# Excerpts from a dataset
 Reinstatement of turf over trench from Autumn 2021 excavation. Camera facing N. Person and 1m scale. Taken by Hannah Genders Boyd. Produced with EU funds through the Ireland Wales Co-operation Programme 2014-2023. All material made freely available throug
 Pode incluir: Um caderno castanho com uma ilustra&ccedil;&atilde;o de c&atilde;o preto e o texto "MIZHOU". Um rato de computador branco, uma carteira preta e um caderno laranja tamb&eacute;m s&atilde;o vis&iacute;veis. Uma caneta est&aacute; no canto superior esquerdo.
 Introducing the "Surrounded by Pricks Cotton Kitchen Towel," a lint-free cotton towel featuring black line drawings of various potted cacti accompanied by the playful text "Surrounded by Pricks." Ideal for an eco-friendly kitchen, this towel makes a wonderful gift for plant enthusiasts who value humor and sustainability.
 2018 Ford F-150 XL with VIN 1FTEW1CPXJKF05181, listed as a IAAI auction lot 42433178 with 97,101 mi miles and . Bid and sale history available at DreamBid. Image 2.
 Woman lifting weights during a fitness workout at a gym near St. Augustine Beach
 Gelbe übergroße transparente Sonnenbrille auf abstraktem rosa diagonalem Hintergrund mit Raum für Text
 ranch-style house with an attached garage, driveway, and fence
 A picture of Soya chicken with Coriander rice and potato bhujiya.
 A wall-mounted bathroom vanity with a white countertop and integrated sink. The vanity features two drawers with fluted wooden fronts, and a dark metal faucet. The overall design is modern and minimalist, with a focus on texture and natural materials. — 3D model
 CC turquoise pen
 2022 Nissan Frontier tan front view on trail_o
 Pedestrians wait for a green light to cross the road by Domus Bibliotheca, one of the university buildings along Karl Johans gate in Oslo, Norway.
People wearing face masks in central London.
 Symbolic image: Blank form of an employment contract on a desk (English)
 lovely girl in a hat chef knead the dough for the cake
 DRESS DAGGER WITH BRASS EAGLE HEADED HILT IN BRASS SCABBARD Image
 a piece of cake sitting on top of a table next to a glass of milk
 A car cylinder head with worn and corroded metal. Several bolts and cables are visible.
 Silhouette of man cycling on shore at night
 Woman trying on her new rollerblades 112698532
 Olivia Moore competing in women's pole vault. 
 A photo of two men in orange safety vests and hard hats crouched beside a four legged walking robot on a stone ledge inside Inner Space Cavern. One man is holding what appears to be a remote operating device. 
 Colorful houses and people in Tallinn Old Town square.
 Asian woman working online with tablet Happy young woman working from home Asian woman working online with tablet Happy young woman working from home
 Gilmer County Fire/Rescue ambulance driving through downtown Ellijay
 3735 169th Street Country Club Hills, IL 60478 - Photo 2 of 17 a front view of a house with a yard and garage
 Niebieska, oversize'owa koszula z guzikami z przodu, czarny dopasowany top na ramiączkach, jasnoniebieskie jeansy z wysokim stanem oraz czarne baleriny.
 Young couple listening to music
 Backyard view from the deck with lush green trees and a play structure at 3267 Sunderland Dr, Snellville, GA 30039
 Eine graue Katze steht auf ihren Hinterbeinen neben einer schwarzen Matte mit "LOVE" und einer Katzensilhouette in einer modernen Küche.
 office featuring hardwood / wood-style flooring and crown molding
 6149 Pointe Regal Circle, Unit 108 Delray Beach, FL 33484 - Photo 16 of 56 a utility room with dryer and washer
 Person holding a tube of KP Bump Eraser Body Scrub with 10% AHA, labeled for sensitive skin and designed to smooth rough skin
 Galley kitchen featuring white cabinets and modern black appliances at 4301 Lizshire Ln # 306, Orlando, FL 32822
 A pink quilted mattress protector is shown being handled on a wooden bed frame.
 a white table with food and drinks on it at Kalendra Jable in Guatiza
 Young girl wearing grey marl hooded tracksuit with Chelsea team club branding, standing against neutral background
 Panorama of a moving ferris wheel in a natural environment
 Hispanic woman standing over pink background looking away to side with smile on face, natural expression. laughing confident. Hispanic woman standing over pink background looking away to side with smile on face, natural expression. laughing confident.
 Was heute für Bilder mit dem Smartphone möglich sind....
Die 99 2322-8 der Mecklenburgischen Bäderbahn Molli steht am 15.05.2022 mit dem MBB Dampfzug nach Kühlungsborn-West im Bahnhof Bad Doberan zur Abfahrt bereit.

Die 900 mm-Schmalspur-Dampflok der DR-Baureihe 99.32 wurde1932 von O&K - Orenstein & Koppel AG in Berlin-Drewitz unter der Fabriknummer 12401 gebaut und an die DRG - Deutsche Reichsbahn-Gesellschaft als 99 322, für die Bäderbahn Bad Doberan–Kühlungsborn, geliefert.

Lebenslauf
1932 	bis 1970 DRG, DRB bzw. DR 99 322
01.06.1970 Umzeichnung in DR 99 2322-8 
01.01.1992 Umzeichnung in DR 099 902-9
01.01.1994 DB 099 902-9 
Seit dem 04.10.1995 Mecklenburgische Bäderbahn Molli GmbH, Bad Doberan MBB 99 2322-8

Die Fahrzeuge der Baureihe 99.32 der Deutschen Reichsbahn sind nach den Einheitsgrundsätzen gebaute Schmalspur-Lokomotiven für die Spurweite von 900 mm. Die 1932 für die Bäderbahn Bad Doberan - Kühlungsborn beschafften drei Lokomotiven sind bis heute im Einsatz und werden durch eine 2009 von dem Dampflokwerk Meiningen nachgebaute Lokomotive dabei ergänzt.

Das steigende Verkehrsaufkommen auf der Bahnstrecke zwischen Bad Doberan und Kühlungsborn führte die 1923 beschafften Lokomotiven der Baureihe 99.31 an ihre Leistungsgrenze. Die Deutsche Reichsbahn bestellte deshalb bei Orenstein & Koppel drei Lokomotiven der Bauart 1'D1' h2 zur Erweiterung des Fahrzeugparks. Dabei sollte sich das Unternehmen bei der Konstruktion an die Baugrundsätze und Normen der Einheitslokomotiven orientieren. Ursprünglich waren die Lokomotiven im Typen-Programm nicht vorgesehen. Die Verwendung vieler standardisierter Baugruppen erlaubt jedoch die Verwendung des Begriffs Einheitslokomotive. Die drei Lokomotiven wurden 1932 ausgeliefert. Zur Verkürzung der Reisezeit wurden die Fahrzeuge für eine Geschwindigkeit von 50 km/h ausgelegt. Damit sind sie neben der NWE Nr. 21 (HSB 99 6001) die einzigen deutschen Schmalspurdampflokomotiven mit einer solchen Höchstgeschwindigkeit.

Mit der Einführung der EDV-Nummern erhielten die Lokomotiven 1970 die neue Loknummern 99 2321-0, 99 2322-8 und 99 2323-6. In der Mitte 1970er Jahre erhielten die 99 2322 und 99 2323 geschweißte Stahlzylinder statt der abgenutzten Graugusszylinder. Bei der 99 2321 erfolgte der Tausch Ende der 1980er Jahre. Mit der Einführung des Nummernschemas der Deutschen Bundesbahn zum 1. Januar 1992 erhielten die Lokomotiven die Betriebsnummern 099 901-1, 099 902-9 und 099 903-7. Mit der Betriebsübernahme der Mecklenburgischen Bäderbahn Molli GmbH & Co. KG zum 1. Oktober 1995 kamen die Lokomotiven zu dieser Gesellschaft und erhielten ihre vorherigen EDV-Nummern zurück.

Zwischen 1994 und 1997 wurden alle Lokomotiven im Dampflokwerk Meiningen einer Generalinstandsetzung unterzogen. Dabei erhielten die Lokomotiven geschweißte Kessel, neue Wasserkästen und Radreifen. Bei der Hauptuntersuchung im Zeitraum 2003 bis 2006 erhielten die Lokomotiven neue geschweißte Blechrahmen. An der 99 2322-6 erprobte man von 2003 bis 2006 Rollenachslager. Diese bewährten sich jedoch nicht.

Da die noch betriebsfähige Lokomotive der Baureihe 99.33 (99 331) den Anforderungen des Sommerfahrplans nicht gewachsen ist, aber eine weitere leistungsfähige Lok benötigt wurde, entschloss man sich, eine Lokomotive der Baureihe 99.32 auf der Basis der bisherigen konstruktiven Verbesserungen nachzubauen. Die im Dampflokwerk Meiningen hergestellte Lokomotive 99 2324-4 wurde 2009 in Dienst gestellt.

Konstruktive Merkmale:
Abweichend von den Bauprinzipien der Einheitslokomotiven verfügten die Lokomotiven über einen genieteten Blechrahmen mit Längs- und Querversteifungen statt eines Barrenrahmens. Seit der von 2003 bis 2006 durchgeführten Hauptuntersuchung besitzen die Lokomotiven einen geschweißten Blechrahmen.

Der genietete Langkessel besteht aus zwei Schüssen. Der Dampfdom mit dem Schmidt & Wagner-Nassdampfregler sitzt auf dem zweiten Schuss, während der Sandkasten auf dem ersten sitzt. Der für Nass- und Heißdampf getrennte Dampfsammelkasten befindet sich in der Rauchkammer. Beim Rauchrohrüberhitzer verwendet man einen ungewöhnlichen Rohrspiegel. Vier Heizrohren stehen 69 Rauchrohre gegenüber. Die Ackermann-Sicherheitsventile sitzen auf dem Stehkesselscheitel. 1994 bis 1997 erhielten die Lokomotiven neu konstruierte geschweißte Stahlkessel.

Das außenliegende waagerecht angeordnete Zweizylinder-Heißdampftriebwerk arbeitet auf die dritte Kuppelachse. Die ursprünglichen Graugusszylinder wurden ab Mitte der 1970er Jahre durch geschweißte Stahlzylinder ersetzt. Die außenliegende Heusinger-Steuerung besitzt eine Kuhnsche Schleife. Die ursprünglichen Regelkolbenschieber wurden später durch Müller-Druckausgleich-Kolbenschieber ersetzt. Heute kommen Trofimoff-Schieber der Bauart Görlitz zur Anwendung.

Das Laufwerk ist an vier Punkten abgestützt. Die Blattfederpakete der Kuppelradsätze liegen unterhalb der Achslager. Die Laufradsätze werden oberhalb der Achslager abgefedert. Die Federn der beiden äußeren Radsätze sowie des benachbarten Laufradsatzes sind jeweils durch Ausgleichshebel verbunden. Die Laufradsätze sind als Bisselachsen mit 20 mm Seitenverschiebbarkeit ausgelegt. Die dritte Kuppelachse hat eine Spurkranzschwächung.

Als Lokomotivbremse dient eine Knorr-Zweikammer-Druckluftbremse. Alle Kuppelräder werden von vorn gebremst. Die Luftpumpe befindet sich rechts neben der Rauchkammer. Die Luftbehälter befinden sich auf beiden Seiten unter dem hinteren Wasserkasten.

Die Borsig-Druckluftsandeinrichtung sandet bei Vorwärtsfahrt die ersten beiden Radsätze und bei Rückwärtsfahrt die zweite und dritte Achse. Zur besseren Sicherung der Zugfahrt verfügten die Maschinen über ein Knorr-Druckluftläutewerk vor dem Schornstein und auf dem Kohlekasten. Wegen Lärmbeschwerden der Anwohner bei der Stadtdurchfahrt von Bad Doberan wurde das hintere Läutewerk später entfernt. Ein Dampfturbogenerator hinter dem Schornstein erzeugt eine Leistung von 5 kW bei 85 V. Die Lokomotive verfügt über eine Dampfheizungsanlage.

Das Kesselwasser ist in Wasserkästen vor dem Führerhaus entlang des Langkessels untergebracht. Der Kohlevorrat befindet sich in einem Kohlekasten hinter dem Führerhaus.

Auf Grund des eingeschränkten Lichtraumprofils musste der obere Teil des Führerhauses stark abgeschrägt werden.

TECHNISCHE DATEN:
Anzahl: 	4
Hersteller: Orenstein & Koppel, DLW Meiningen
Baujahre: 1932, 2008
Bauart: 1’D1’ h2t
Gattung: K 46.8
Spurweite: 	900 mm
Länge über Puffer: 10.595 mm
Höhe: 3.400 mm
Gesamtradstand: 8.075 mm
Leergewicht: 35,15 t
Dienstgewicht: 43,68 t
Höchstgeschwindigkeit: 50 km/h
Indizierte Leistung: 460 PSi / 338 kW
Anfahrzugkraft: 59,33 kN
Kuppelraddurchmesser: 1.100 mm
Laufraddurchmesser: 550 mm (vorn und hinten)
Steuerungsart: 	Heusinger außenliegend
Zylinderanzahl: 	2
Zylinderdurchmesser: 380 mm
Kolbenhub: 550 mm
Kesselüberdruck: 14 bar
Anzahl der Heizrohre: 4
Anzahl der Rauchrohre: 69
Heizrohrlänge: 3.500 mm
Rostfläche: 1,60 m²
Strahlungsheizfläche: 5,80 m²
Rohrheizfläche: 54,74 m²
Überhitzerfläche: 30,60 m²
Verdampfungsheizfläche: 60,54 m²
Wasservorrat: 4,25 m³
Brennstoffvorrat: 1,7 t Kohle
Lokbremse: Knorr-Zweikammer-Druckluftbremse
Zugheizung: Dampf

# Problem requirements
Could you retype exactly the lines above, starting at the line that contains "Young couple listening to music" and ending at the line that contains "Person holding a", and nothing more?

# Exercise answer
 Young couple listening to music
 Backyard view from the deck with lush green trees and a play structure at 3267 Sunderland Dr, Snellville, GA 30039
 Eine graue Katze steht auf ihren Hinterbeinen neben einer schwarzen Matte mit "LOVE" und einer Katzensilhouette in einer modernen Küche.
 office featuring hardwood / wood-style flooring and crown molding
 6149 Pointe Regal Circle, Unit 108 Delray Beach, FL 33484 - Photo 16 of 56 a utility room with dryer and washer
 Person holding a tube of KP Bump Eraser Body Scrub with 10% AHA, labeled for sensitive skin and designed to smooth rough skin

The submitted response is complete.